Using strcmp we can finally compare two strings: #include <stdio.h> #include <string.h> int main() { char str1[] = "hello"; char str2[] = "hello"; if (strcmp(str1, str2) == 0) { printf("The strings are equal.\n"); } return 0; }

Arrays as Pointers (kind of)

Array names in many contexts can be seen as pointers, and it is not only true for character arrays. Take the situation before of defining a string using a pointer to the first character of the string. We can subscript this just like we would do with an array. #include <stdio.h> #include <string.h> int main() { char* str1 = "hello"; // Prints 'h'. printf("%c", &str1[0]); return 0; }

The same holds true for using an array name (just the name - no subscripts) as if it was a pointer. This concept can be referred to as the array "decomposing" into a pointer. One thing to note is that an array is NOT a pointer, however, you can safely use array names as if they were pointers and vice versa.

A compiler detail that may help clear up some confusion with this is the way that subscripting is handled. When dealing with pointer arithmetic, as long as the pointer is a pointer to an array element, it behaves the most convenient way it could. If p is a pointer to the first element of an array, then p+1 is a pointer to the second element of an array. For subscripting, in modern C, a[0] is equivalent to *(a + 0) which is the pointer to the first element plus 0 with the pointer dereference operator, *, to access the value stored at the location. That pattern does also mean 0[a] works since addition is commutative, but I would not recommend using that in any codebase that other people may have to see.

A lot of this explanation assumes a base level of knowledge in C which the reader may not have. Check the further reading section for recommended readings if any part of this post confuses you or you would like to know more.

restrict

If you clicked on this blog post, you probably do not have enough experience with C to care about this section or any upcoming sections. Nevertheless, if you are interested, feel free to continue. This section mentions the restrict keyword.

restrict is used like: int * restrict p. The point of it is to discourage the usage of other pointer variables to change the values stored at the memory location saved in the restrict pointer. restrict is limited based on scope, so it is still technically possible to update the memory with a different pointer variable.

It is considered by most to be an advanced C feature, and it may seem pointless, but it allows the compiler to make performance optimizations.

Flexible Array Members and High-Performance Code

On the topic of performance, for readers familiar with manual memory allocation and structs, I have a technique to recommend: the briefly mentioned "struct hack". #include <stdio.h> #include <string.h> struct String { int STR_LEN; char str1[]; }; int main() { int n = 10; struct String *s = malloc(sizeof(struct String) * n); s->STR_LEN = n; return 0; } Rather than needing to define the character array length ahead of time and wasting space, we can dynamically allocate space for the string. It seems like we could have just put a string in the struct using a normal pointer inside of the struct. Yes, this would have allowed us to dynamically allocate the memory for the string, but we would have lost the benefit of keeping the memory sequential.

A struct's members are always stored in memory sequentially. Memory allocated with malloc is also sequential.

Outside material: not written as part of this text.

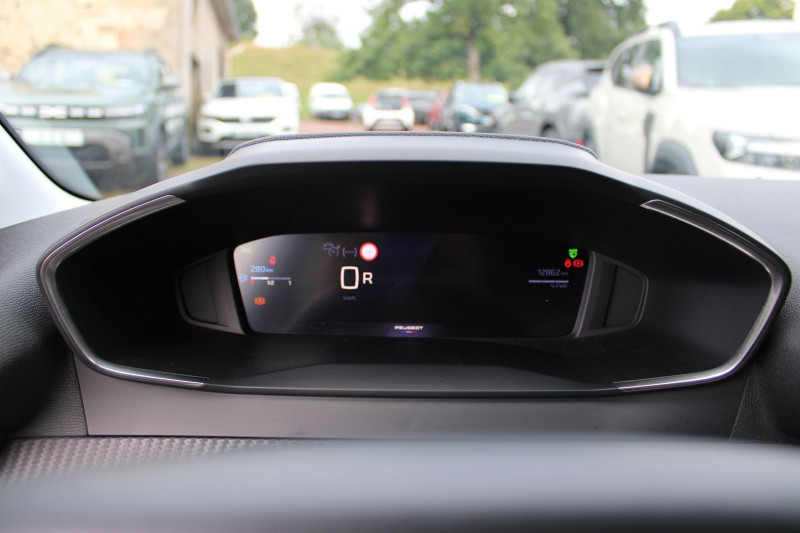Photo 15 de l'offre de PEUGEOT 208 PHASE 4 ALLURE 100 CV HYBRIDE GPS 3D CAMÃRA USB JA 16 I-COKPIT FULL LED BOITE AUTO DSC-6 à 19990€ chez Bougel transactions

However, in our example, if the character array of no length was instead a character pointer, the first integer member and the pointer itself would be sequential. The data then referenced by the pointer would not be sequential in memory space. By using the struct hack, we keep the struct members and the data that ends up becoming part of the struct in sequence.

This is valuable for performance. The CPU has basically two relevant patterns which are based on time, how recent a variable was used influences the chance of it being used again, and space, data being located nearby has a higher likelihood of being referenced. In our case, we are letting the CPU take advantage of having the data in sequence. This decreases the chance of cache misses and saves CPU cycles.